Extended Physics Informed Neural Network for Hyperbolic Two-Phase Flow in Porous Media
Saif Ur Rehman, Wajid Yousuf
TL;DR
This work tackles the challenge of solving nonlinear hyperbolic PDEs with sharp fronts using physics-informed learning. It introduces Extended Physics-Informed Neural Networks (XPINNs) that decompose the computational domain in space and time into evolving pre-shock and post-shock regions, with subnetworks coupled via the Rankine-Hugoniot condition. Across Buckley-Leverett tests, XPINN consistently outperforms standard PINNs and variants (diffusivity, Welge, Oleinik) in accurately resolving shocks without artificial diffusion, using the Adam optimizer.

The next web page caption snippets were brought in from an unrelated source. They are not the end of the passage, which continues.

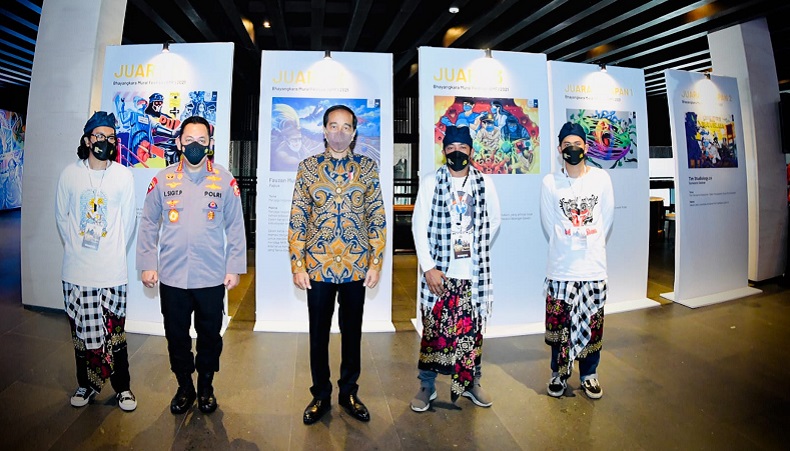Jokowi : Lomba Mural Kapolri Hasilnya Positif 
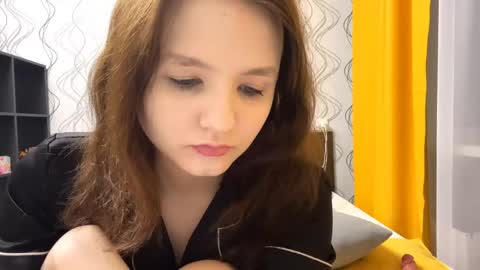 Mila online show from 06/03/26, 07:08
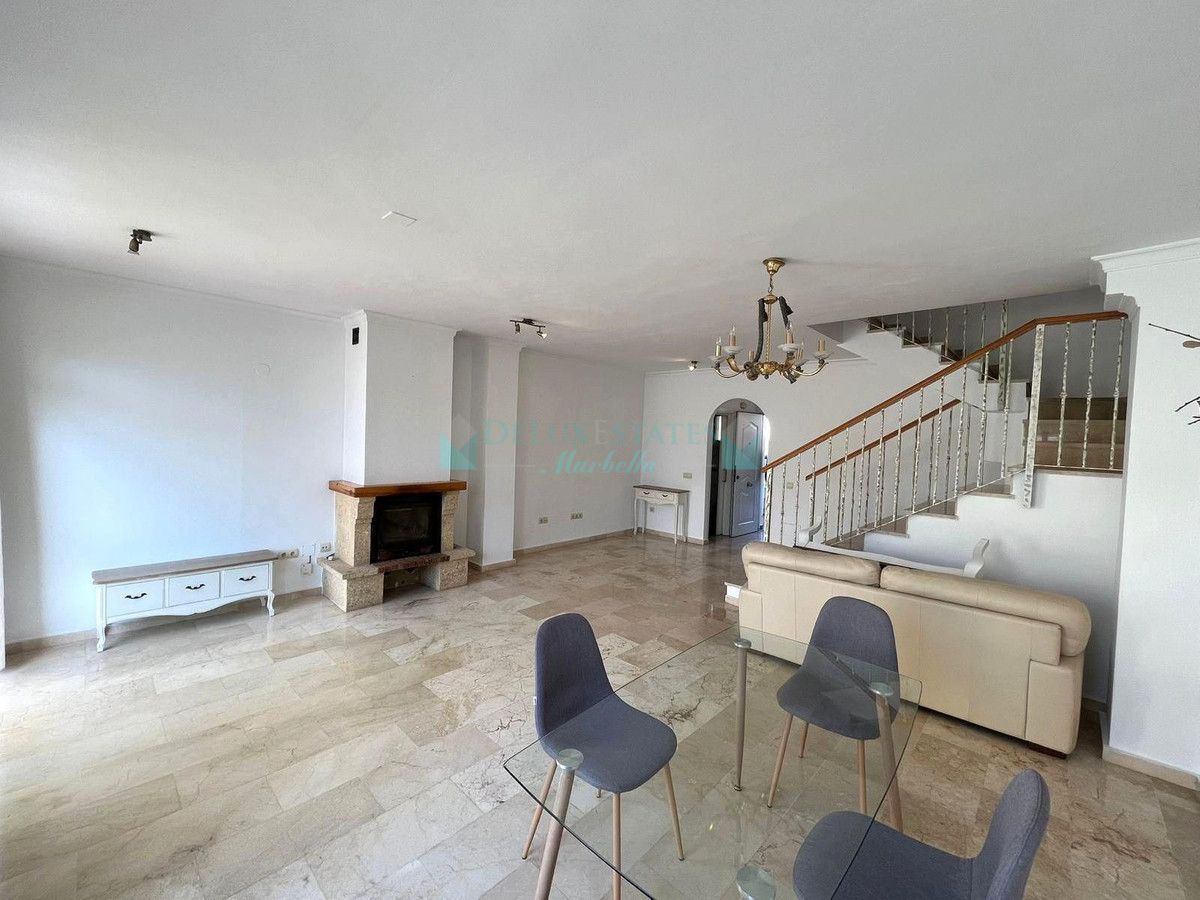 Town House for sale in Estepona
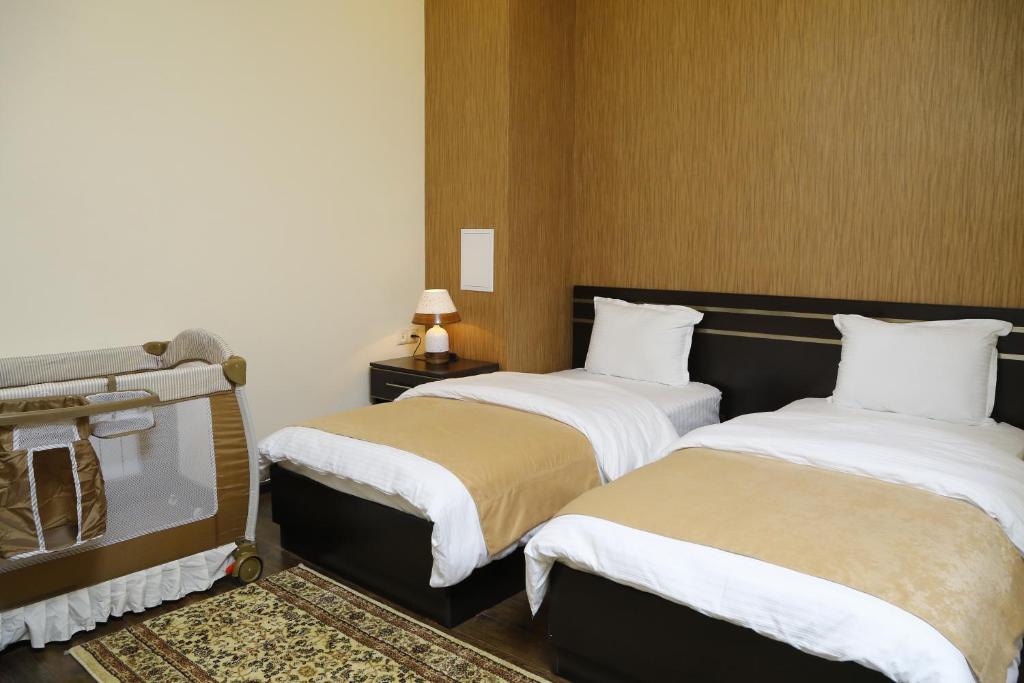 Postel nebo postele na pokoji v ubytování Tomu's Hotel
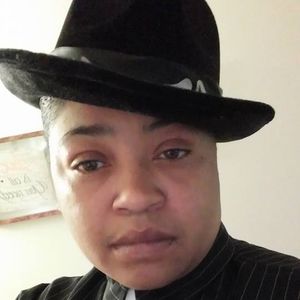 Meet your Posher, Sasha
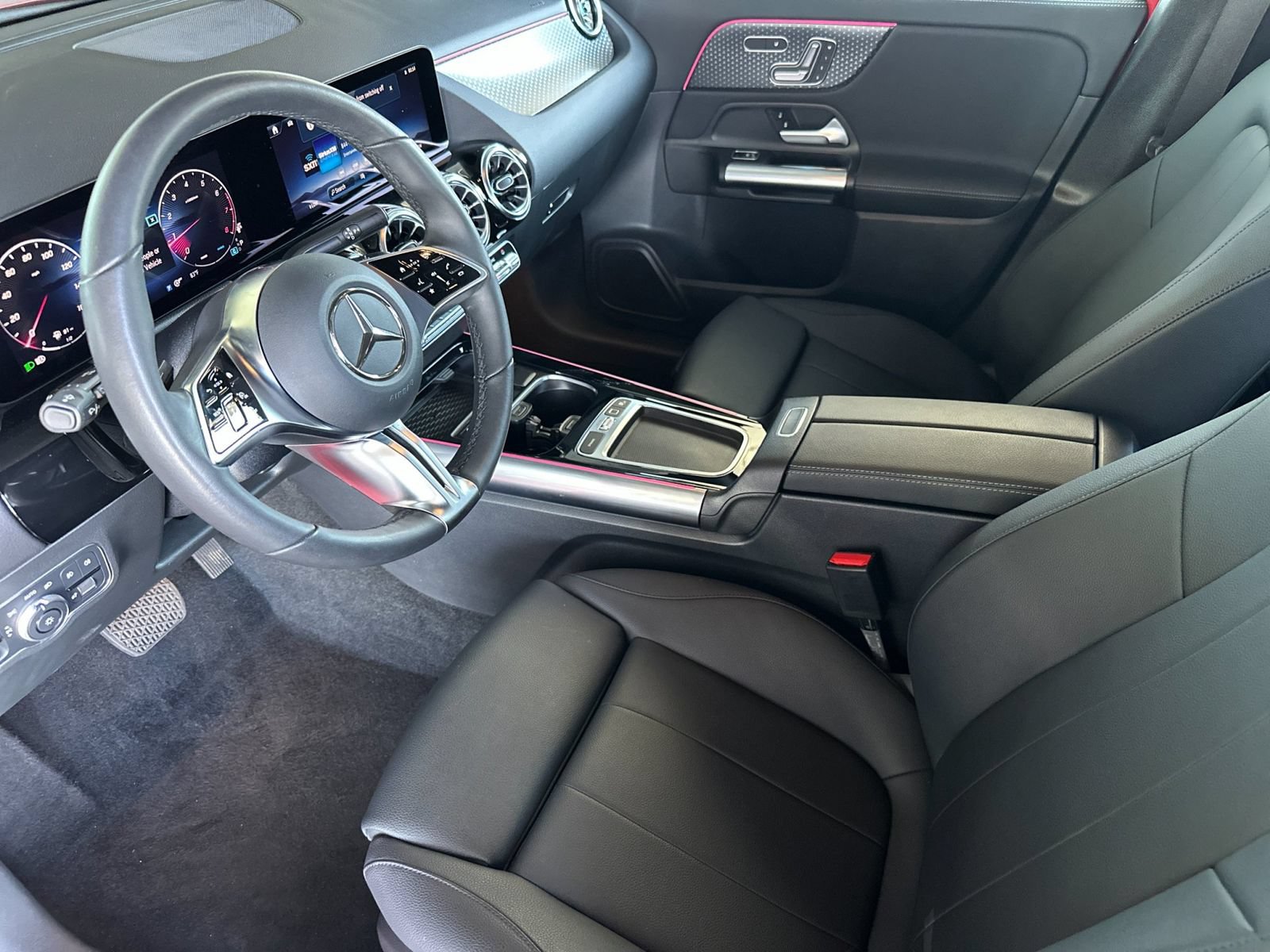 Certified 2026 Mercedes-Benz GLA 250 4MATIC image 11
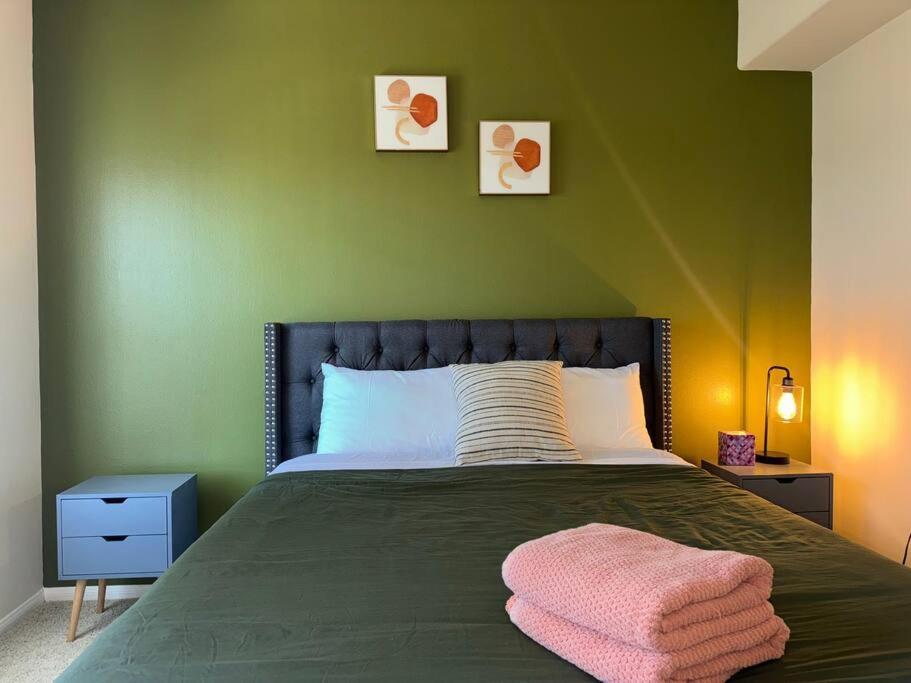 Classy And Comfy Unit * Los Angeles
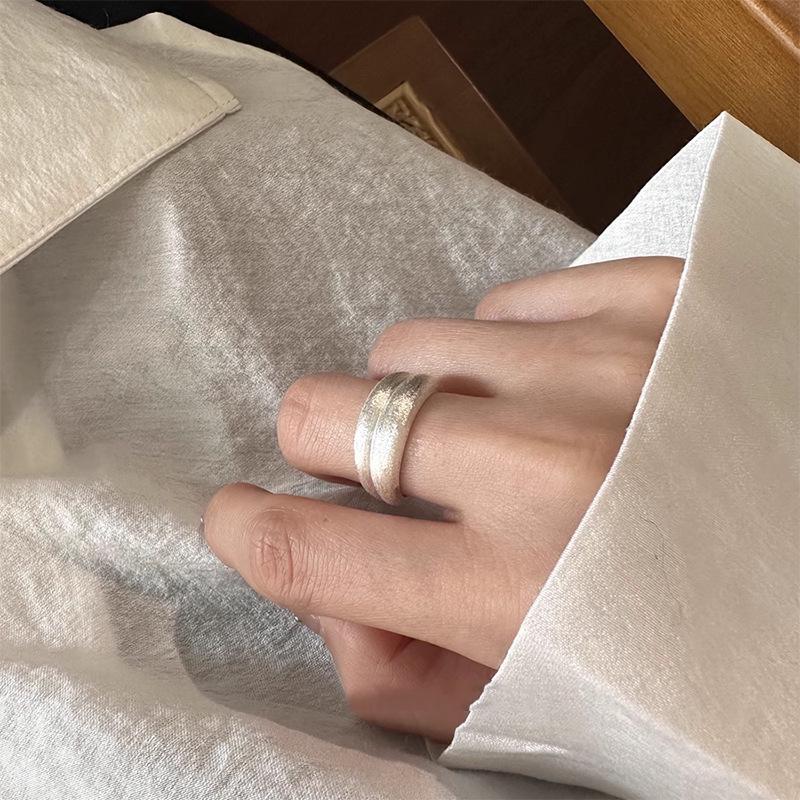 Geometric Frosted Brushed Open Ring for Women - Double-Layer, Versatile Irregular Design for Index Finger.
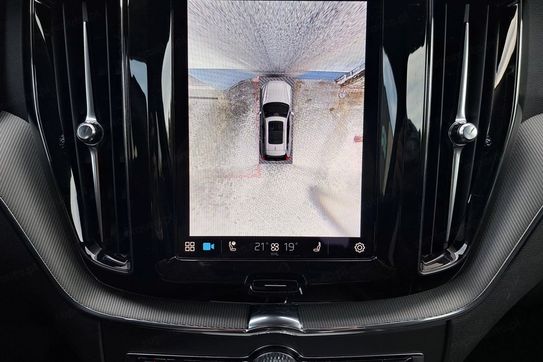 Volvo XC60 B5 B AWD Plus Dark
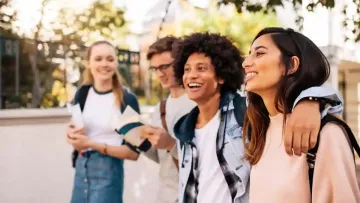 Кількість іноземних студентів в Україні катастрофічно впала: в Міносвіти повідомили деталі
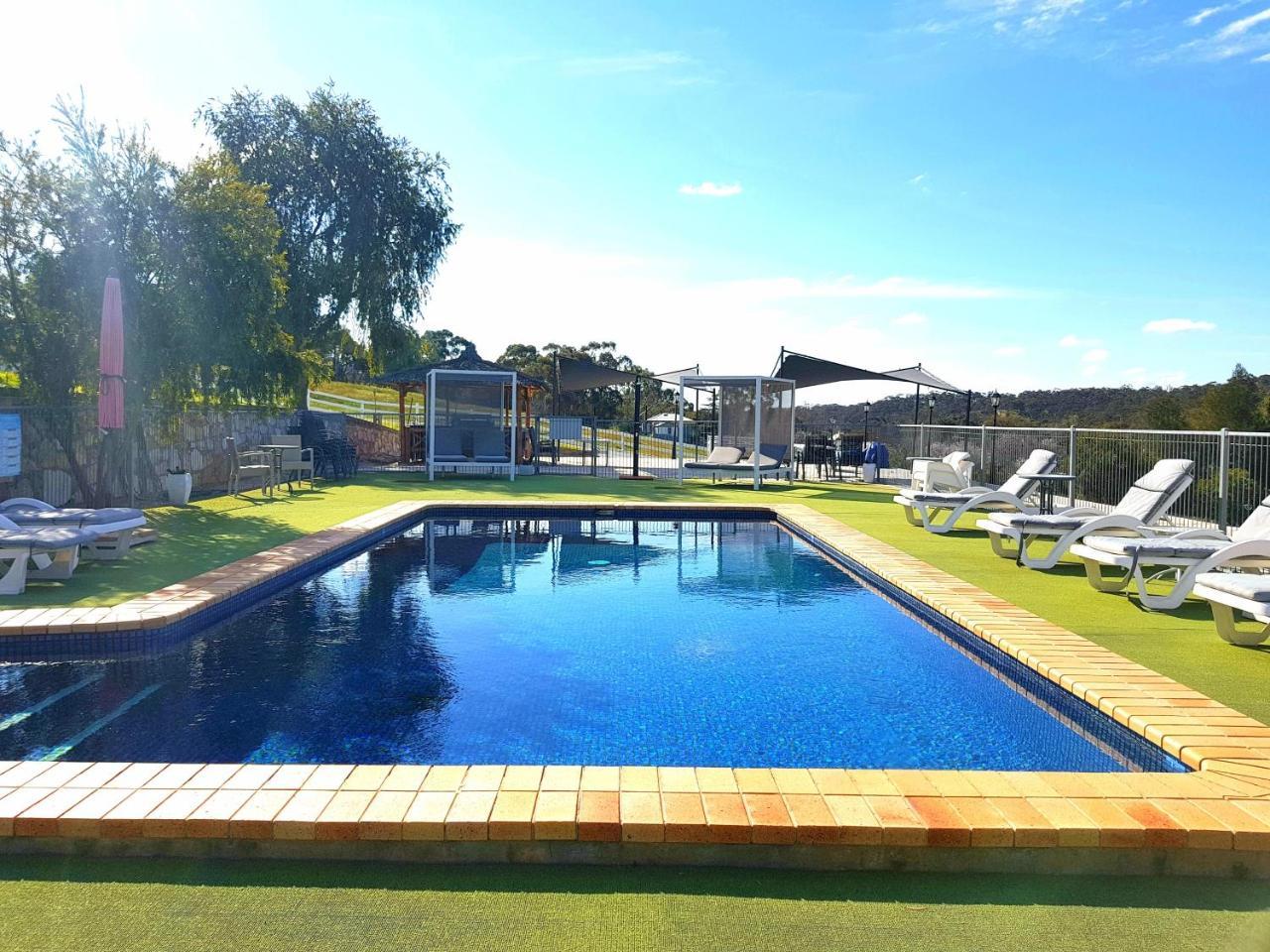Clare Valley Motel Екстериор снимка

The results demonstrate XPINN’s robustness and scalability for challenging hyperbolic problems, with potential applications in two-phase flow in porous media and reservoir engineering.
Abstract
The accurate solution of nonlinear hyperbolic partial differential equations (PDEs) remains challenging due to steep gradients, discontinuities, and multiscale structures that make conventional solvers computationally demanding. Physics-Informed Neural Networks (PINNs) embed the governing equations into the learning process, enabling mesh-free solution of PDEs, yet they often struggle to capture steep gradients, discontinuities, and complex nonlinear wave interactions. To address these limitations, we employ the Extended Physics-Informed Neural Network (XPINN) framework to solve the nonlinear Buckley-Leverett equation with a nonconvex flux, modeling immiscible two-phase flow in porous media. The computational domain is dynamically decomposed in space and time into evolving pre-shock and post-shock subdomains, allowing localized subnetworks to efficiently learn distinct flow behaviors, with coupling enforced via the Rankine-Hugoniot jump condition to ensure physically consistent flux continuity. We compare XPINN with standard PINNs and its variants, including PINN with artificial viscosity, PINN with Welge construction, and PINN with the Oleinik entropy condition, and across all cases, XPINN consistently outperforms the other methods, accurately resolving sharp fronts and capturing the correct physical behavior. Importantly, XPINN achieves this using the simpler Adam optimizer, whereas some PINN variants require more complex or higher-order strategies such as L-BFGS to reach comparable accuracy, demonstrating that XPINN is a robust and scalable approach for challenging hyperbolic PDEs without artificial diffusion or entropy corrections. The code is available at github.com/saifkhanengr/XPINN-for-Buckley-Leverett.